Following the freeze, the attacker accelerated efforts to move the remaining funds.

Data shows that approximately 75,701 ETH, worth about $175 million, was transferred to Ethereum mainnet.

From there, the funds began moving into Bitcoin through decentralized protocols like THORChain, Chainflip, and Umbra Cash, which allow direct cross-chain swaps without relying on centralized exchanges.

PeckShield analysts observed that the attacker left only about 0.7 ETH in some wallets, just enough to cover transaction fees, while draining the rest into new routes.

This pattern reflects a high level of operational discipline and planning.

Another $176 million portion of the stolen funds has also been actively moved in parallel transactions.

Rather than laundering everything in a single flow, the attacker appears to be running multiple streams at once.

This staggered approach reduces the risk of a single point of failure and makes recovery efforts more difficult.

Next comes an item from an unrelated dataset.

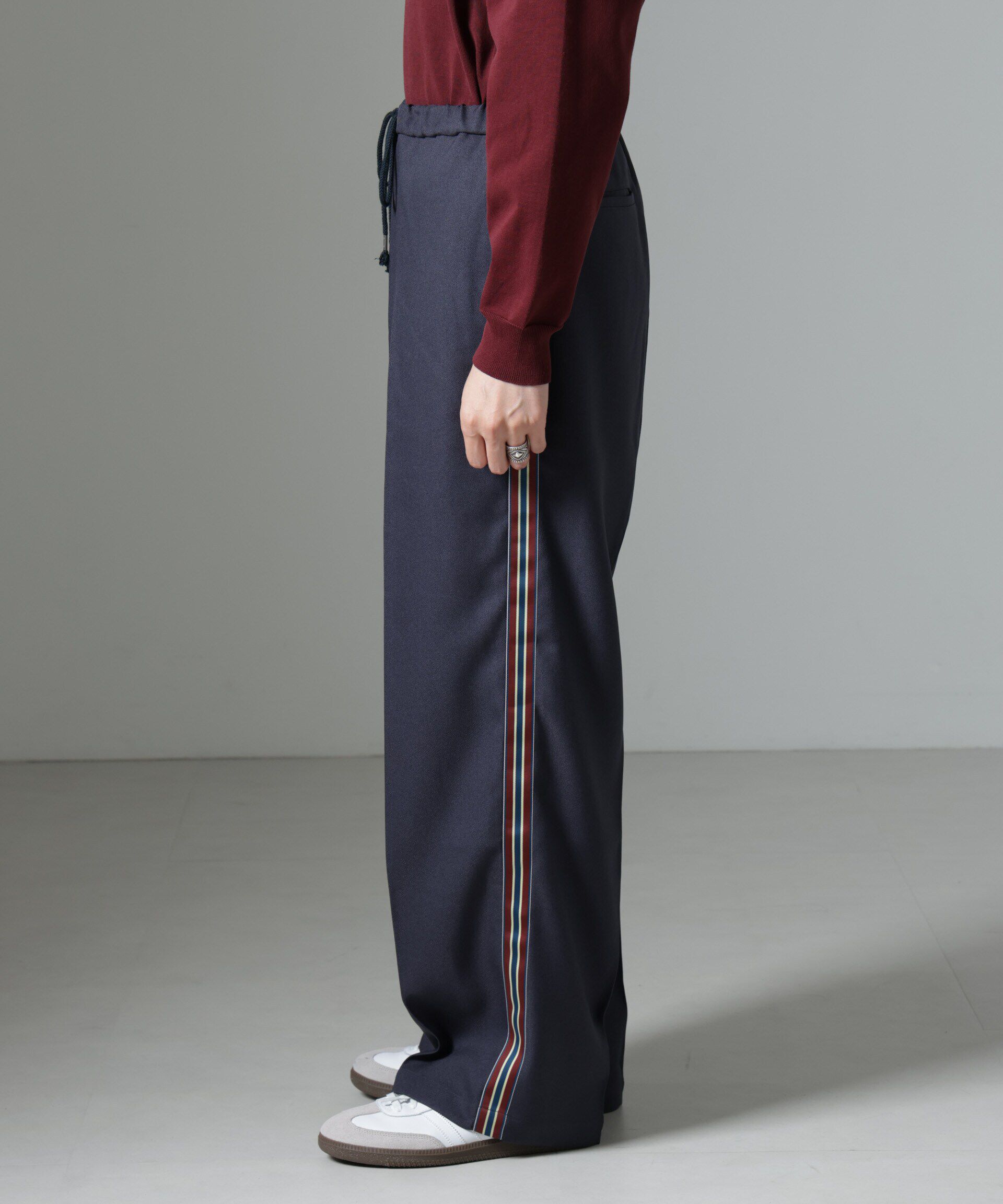 nano･universe「テックツイルサイドストライプイージーパンツ」|チノ|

Is the infamous North Korea’s Lazarus Group linked to the KelpDAO exploit?

The scale and coordination of the operation have led investigators to link the exploit to North Korea’s Lazarus Group, specifically a subgroup known as TraderTraitor.

This attribution is based on transaction patterns and laundering techniques that match previous operations tied to the group.

Lazarus has a long history of targeting crypto platforms and using complex cross-chain strategies to obscure stolen funds.

The use of decentralized bridges and rapid asset conversion seen in the KelpDAO case fits that pattern closely.